Often the central bank (BCRD) refers to macroeconomic stability. What does it mean and what implications does it have for the rest of the world? economic system or productive of the country? Why do people often complain that they talk about the macro, but nothing about the micro? Why are there complaints that prices are high, while the inflation published by the authorities, in relative terms, is low?

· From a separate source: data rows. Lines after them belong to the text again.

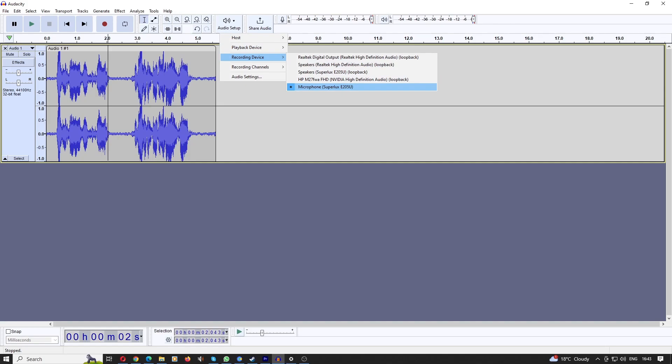Now sometimes your monitor can have a microphone, so you want to make sure that you're not accidentally selected on something like that.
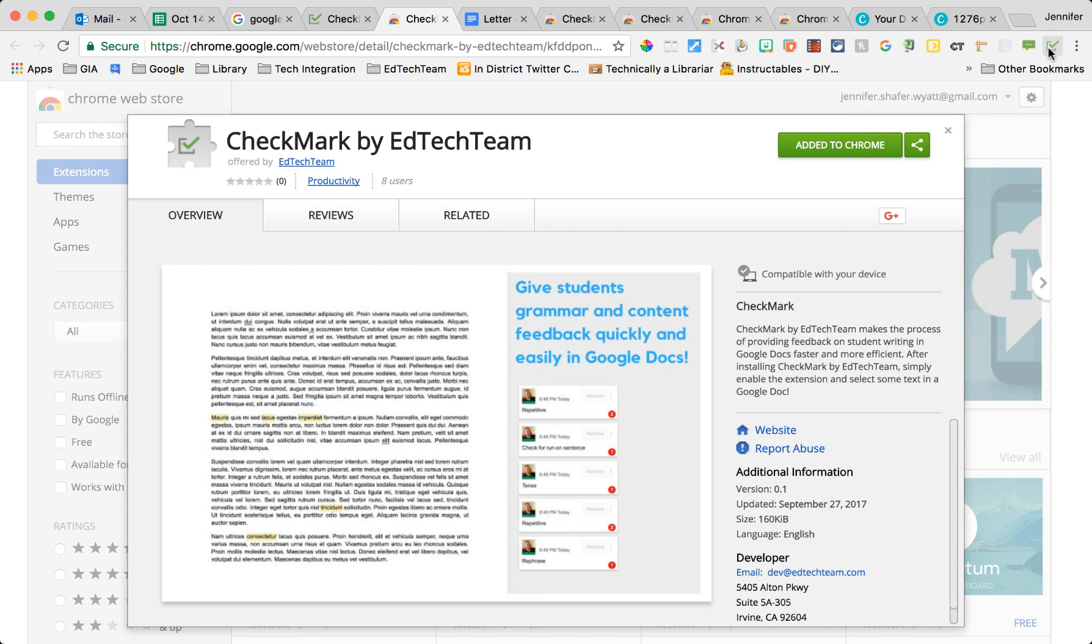When you first install it, it'll be grayed out so you have to just click on it so that it turns green, which means it's activated and going.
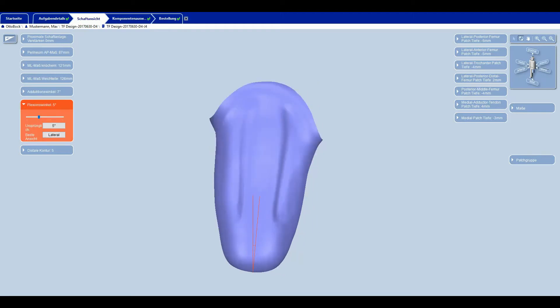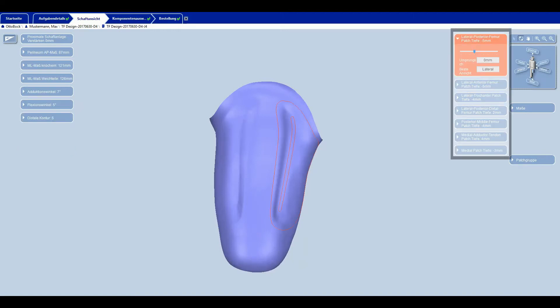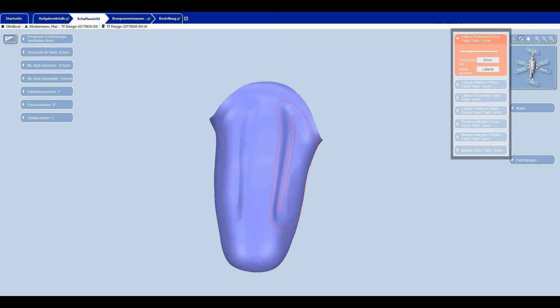There are eight patches available for custom adapting the prosthetic socket to the residual limb conditions. The patches are only visible in the software if they are useful from a biomechanical and functional perspective. The maximum adjustment strength of the patches is between 6 and 8 millimeters. Using patches thereby influences the socket volume.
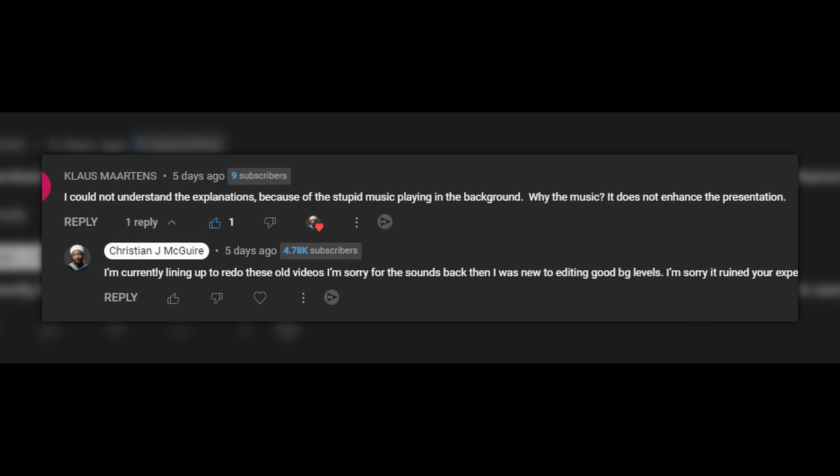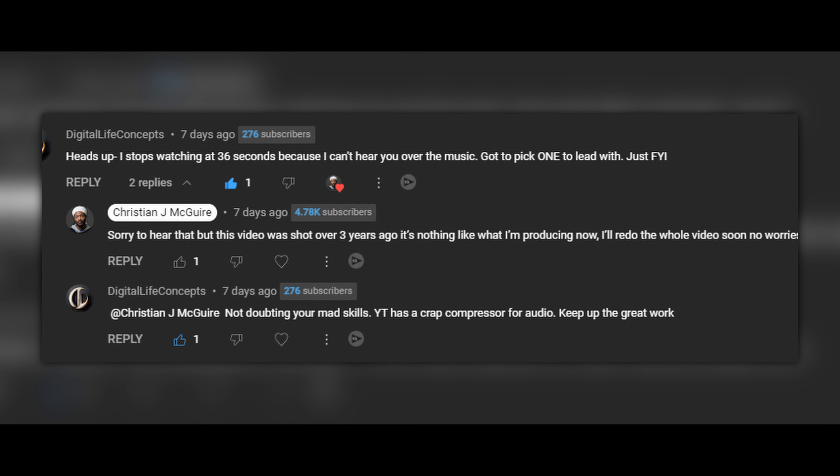We are actually back with another A7II Cinematic Video Settings video. You guys have been seeming to basically love the old video, and I've been getting a lot of comments recently saying that it isn't the best production quality. I'm actually going to be redoing that video here in 2023. It's been a long journey with my A7II here.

In simple language, due to the confusion these terms generate, it is feasible to tell the readers of elDinero that the economy is divided in two: Macroeconomy and microeconomics. The first deals with issues related to the global analysis of the economy, since it does not focus on the dynamics generated between two or more market agents. Its orientation is aimed at observing and analyzing the results on a large scale. Meanwhile, the second does deal with seeing how people and companies make decisions regarding the conditions of the economic environment.
Macroeconomics, on its side, sees more long-term growth, productivity, business cycles, unemployment and their effects on the economy; inflation and public accounts, among other variables, such as the behavior of the gross domestic product (GDP), exchange rates and inflation, external balance (deficit or surplus of the current account of the balance of payments) and international reserves.
A macroeconomic variable measures something, which could be the production or the behavior of an economic phenomenon. There are two: those of the “stock” type, which measure something at a specific moment in time, therefore it collects the accumulated value of what is measured. The other is of the “flow” type, which measures results over time. Here come the salary, income, savings, dividends, taxes. It could be said that this registers the variations or behavior of the “stock” type variables in a period.
One of the macroeconomic indicators that generates the most controversy is inflation, since it is uncomfortable to see this variable with a behavior that apparently does not correspond to reality. Why does it happen and how does it become less credible especially when prices are rising?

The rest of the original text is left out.